Mesmo as alminhas mais incautas assistem à sua deificação em grandes parangonas nos jornais e em telejornais de gosto e qualidade duvidosos.
As coisas estão mal. Mas o mal que hoje vivemos é a consequência de um mal muito maior pelo qual somos todos responsáveis. Sim, isto de se ser cidadão do Mundo é uma chatice porque traz uma data de nomes esquisitos de sítios inóspitos onde se decide a nossa vida e as viagens que vamos fazer nos fins de semana prolongados.
Mas, apesar da crise não ser esquisita e também atingir essa cambada de prepotentes louros e quase perfeitos "do estrangeiro", a verdade é que em Portugal ela nunca vai embora e grassa a cada solavanco do mundo civilizado.
Talvez o problema seja mesmo nosso, meus amigos.
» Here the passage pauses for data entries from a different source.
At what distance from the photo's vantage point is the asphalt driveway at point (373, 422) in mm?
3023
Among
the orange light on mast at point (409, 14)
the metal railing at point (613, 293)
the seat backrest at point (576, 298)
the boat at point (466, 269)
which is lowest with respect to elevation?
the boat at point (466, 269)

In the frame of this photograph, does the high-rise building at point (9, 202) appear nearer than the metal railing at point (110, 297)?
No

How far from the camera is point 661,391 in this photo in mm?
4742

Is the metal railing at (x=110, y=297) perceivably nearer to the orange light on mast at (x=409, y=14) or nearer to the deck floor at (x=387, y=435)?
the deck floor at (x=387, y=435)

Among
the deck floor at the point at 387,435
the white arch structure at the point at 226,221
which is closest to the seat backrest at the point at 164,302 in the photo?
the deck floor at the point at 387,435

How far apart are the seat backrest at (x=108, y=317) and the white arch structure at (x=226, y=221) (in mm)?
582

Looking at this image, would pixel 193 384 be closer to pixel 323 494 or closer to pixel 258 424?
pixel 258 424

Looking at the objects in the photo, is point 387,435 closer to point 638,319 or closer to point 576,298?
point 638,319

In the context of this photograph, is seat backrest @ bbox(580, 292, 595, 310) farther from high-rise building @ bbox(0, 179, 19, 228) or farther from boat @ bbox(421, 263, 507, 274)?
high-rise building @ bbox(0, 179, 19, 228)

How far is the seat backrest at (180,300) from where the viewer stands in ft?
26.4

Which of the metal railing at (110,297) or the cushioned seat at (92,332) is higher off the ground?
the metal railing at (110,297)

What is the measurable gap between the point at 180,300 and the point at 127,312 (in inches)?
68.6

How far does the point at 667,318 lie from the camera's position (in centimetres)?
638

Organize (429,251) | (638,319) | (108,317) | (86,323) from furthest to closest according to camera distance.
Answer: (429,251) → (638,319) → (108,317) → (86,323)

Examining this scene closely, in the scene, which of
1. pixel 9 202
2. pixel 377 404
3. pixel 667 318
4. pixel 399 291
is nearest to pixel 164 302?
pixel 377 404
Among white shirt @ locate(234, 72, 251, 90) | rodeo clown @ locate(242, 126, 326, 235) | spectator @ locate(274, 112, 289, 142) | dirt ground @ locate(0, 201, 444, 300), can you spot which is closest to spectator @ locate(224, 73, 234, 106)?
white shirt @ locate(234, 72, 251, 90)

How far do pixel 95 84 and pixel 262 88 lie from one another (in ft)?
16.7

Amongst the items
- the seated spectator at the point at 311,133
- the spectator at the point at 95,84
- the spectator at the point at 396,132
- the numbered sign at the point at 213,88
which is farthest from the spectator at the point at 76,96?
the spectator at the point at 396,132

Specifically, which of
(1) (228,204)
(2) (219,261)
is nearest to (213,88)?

E, enquanto não se elimina a História dos currículos das nossas crianças, aprendamos um pouco mais acerca de nós mesmos. Sim, sobre a nossa gente e a nossa terra. Não arranjemos rapidamente um bode expiatório.
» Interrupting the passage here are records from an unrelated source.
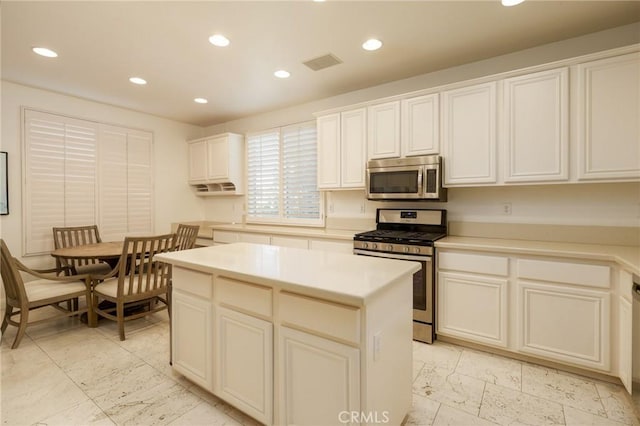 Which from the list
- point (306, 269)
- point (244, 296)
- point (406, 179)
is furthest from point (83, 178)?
point (406, 179)

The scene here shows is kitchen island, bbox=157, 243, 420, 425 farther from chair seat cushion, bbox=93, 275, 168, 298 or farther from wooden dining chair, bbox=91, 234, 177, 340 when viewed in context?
chair seat cushion, bbox=93, 275, 168, 298

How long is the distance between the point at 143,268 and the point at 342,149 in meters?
2.46

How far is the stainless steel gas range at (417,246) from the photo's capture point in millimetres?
2756

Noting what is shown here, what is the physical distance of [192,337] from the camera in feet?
6.58

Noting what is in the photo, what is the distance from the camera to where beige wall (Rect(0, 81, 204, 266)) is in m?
3.57

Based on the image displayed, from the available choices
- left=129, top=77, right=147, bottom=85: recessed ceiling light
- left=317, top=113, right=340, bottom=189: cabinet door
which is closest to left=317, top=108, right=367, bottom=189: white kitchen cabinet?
left=317, top=113, right=340, bottom=189: cabinet door

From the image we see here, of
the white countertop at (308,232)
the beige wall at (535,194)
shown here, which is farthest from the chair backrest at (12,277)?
the beige wall at (535,194)

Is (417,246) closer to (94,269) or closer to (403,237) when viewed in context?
(403,237)

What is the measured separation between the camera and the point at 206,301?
1.90m

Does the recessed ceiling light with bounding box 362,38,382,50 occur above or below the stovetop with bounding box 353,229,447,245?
above

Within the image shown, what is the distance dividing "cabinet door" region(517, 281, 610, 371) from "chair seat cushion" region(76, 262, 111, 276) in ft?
13.8

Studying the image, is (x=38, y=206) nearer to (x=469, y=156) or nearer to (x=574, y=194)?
(x=469, y=156)

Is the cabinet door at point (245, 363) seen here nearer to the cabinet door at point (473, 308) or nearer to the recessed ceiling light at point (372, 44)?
the cabinet door at point (473, 308)

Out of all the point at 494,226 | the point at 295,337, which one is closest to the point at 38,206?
the point at 295,337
Se olharmos para o nosso País veremos que, desde sempre, Portugal buscou a solução no colo da bem aventurança que viria de fora. Primeiro os Descobrimentos e as especiarias da Índia; depois o ciclo do ouro do Brasil ou ainda o saudoso Império Ultramarino. O último colo que encontramos chama-se União Europeia.
O Sebastianismo impera na nossa forma de vermos o Mundo. Esperar pela salvação, a moer as mágoas, não é paradigma do nosso tempo. Não é, nem pode ser.
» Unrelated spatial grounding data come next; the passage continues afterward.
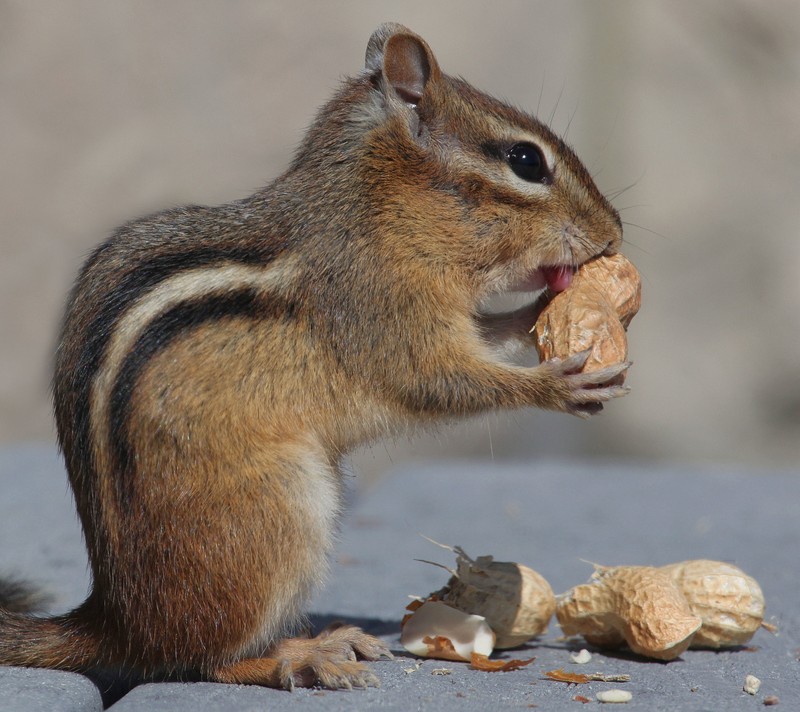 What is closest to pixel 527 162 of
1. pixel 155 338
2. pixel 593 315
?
pixel 593 315

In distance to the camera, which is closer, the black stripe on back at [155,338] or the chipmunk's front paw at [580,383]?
the black stripe on back at [155,338]

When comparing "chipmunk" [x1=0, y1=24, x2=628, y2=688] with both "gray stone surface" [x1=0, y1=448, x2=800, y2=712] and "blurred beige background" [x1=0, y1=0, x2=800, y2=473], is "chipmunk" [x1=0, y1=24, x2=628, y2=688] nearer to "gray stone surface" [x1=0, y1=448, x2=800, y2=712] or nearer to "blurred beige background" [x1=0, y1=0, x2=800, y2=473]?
"gray stone surface" [x1=0, y1=448, x2=800, y2=712]

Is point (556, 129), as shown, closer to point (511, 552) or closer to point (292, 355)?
point (511, 552)

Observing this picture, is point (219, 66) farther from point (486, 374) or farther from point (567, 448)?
point (486, 374)

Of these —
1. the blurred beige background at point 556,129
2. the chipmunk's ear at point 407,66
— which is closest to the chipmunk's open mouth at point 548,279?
the chipmunk's ear at point 407,66

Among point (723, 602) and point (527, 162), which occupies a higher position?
point (527, 162)

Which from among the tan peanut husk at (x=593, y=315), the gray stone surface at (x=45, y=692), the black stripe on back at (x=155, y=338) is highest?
the tan peanut husk at (x=593, y=315)

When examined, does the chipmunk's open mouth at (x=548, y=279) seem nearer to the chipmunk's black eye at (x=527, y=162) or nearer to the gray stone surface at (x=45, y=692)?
the chipmunk's black eye at (x=527, y=162) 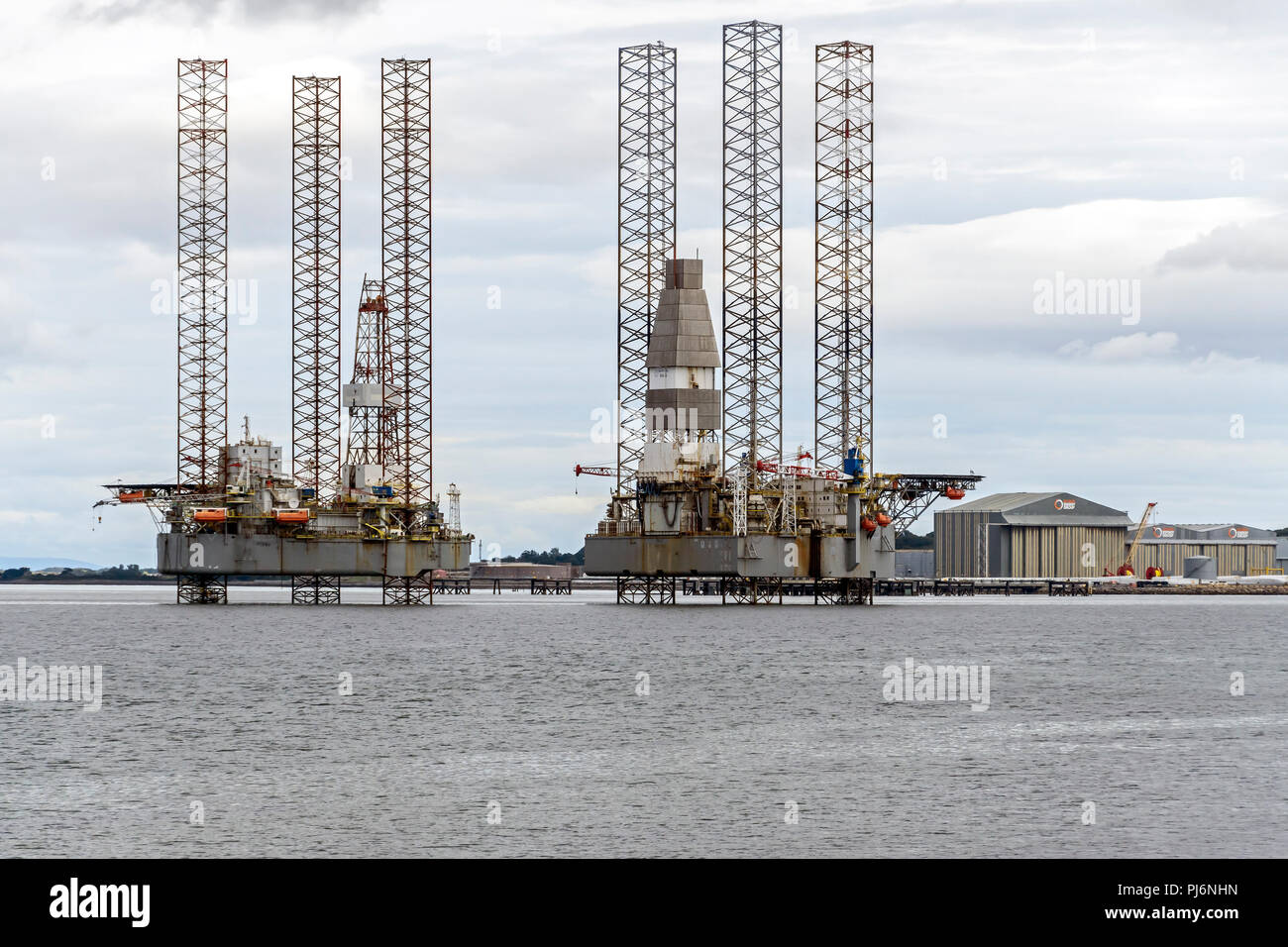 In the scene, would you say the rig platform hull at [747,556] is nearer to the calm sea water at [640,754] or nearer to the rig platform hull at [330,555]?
the rig platform hull at [330,555]

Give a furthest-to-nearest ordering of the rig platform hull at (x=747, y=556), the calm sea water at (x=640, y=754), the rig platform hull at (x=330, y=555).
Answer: the rig platform hull at (x=747, y=556)
the rig platform hull at (x=330, y=555)
the calm sea water at (x=640, y=754)

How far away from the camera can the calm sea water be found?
31.3 meters

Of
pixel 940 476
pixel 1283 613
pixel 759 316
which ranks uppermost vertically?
pixel 759 316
Nenhum país se salva sem o seu Povo. Porque são uma e a mesma coisa. Reacção precisa-se. Precisam-se padeiras de Aljubarrota para exorcizar desta vez os nossos demónios. Precisa-se de uma nova forma de se ser Português - a do compromisso com uma Pátria, com um futuro, com uma visão. Nossa e por nós.
Chega de esperar e pedir soluções. Chega da demissão que isso significa porque a cidadania, como a Vida, acontece-nos todos os dias. Mas só existe verdadeiramente quando se faz dela uma conquista de todos os dias e não uma terra adquirida onde se espraia o esquecimento e o comodismo. O erro dos portugueses é achar que os erros do passado não se repetem. Temos memória curta e indolente.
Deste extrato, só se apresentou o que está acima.